Moreover, there’s a compelling argument to ditching the notion that the Civil War ended in 1865. Gregory Downs, for example, argues precisely that in his masterful study of the Union’s military occupation of the erstwhile Confederate states from 1865-1871. Downs characterizes this period as an “insurgent phase” of the war, where each side used violent force to shape the outcome of the conflict. This interpretation has the singular advantage of allowing us to see clearly the scope and scale of violence in the South after 1865. You don’t need generals and armies to lay waste to populations and civil order. I’d take this even further, however, and look at the so-called “Indian Wars” of the 1870s and 1880s not as a separate conflict, but another chapter in this Long Civil War. The Civil War was a struggle for the shape of the American state to come. Would the expanded continental empire be organized and administered as a Free Labor society? Or would it be a slaveholder’s empire, pursuing the aims of a master class and the crucial chattel foundation of its wealth and herrenvolk identity? Even though the Union victory “ended” chattel slavery (terms and conditions apply), the profoundly racialized nature of free labor ideology meant that white supremacy would, in the main, steer the ship of state after Appomattox. “Reunion” in the 1870s was made possible not only because northern politicians and their public were willing to “forget about the Negro” (in the words on one northern editor), but because the remaking of the trans-Mississippi West united northern and southern whites in a free-labor, privatization crusade against the region’s Indian peoples. What we’ve traditionally seen as the entire Civil War, 1861-1865, might be more accurately conceived as a chapter within the larger war (hitherto analyzed as separate conflicts) that reshaped the North American continent from 1846 to 1886. The invasion of Mexico and the Dawes Severalty Act were the bookends of a settler colonial revolution, the result of which was contested in various turns by Mexicans, self-styled Confederate whites, and Native peoples.

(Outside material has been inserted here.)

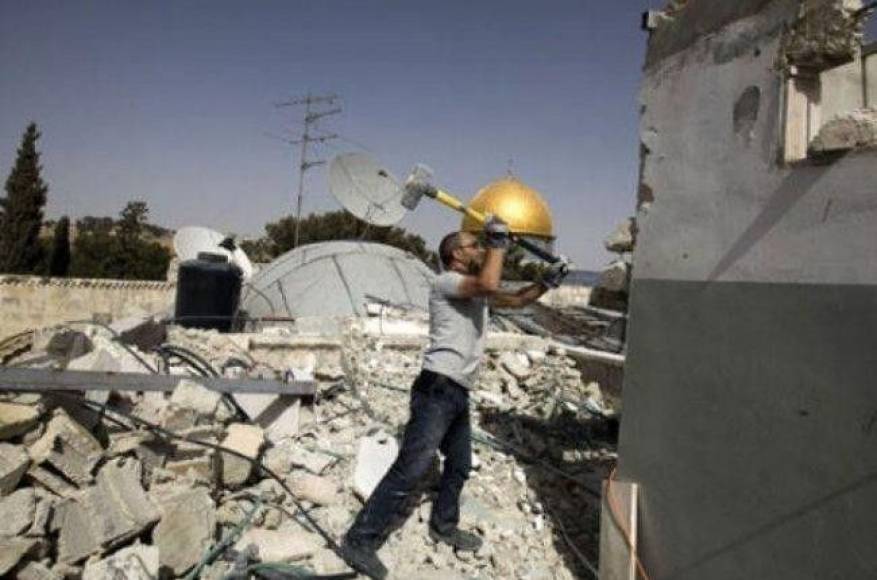 الاحتلال الاسرائيلي يجبر مقدسيا على هدم منزله في جبل المكبر بالقدس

Training our analytical lens on the Long Civil War of 1846-1886 offers a number of interpretive advantages. It allows us to see the larger ways in which racial and racist ideologies shaped not only the pitched warfare of 1861-1865, but the violent struggle for mastery of much of North America in the surrounding decades. It prevents us from seeing “reconstruction” as a period where peace returned and the issues that divided the United States were magically resolved; instead, we see the ways in which continuing violence defined the reality of many groups of North Americans, even after representatives of the white elite signed a document at Appomattox Court House. And above all, we can take a more integrated approach to the ways in which white Americans expanded a specific form of racialized hegemony over much of the continent, a prelude of sorts to overseas imperialism at the end of the century. Conceiving of a Long Civil War prevents the myopia of overly-narrow periodization from placing analytical blinders upon us, and challenges us to make the type of connections that truly illuminate the larger historical processes at work. And that alone commends it to our historical imaginations.

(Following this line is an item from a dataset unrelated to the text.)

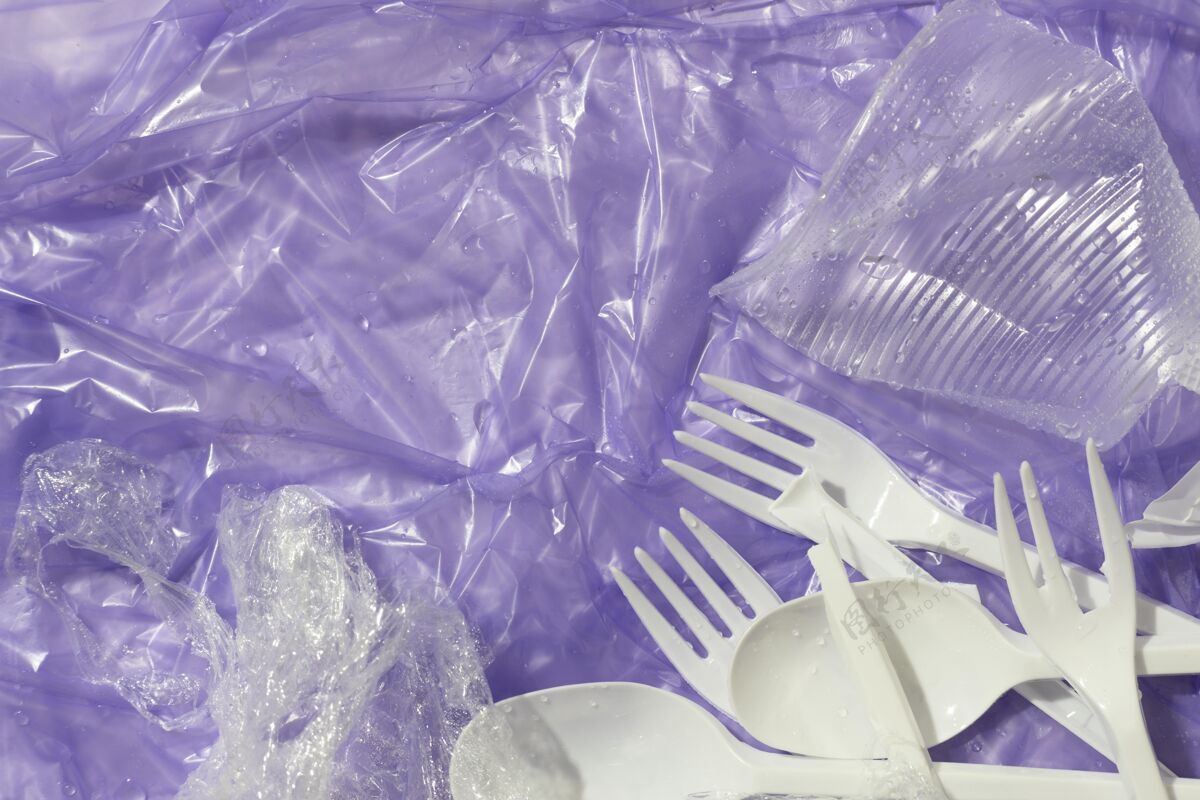 安排分类的塑料物品肮脏垃圾混乱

Bibliographic note: On the post-Appomattox insurgency, see Gregory Downs, After Appomattox: Military Occupation and the Ends of War. For links between post-1865 efforts at reconstruction and the trans-Mississippi West, see Heather Cox Richardson’s excellent West from Appomattox: The Reconstruction of America after the Civil War. On settler colonialism and its analytical utility for this era, my thinking has been influenced by Lorenzo Veracini, Settler Colonialism: A Theoretical Overview and James Belich, Replenishing the Earth: The Settler Revolution and the Rise of the Angloworld.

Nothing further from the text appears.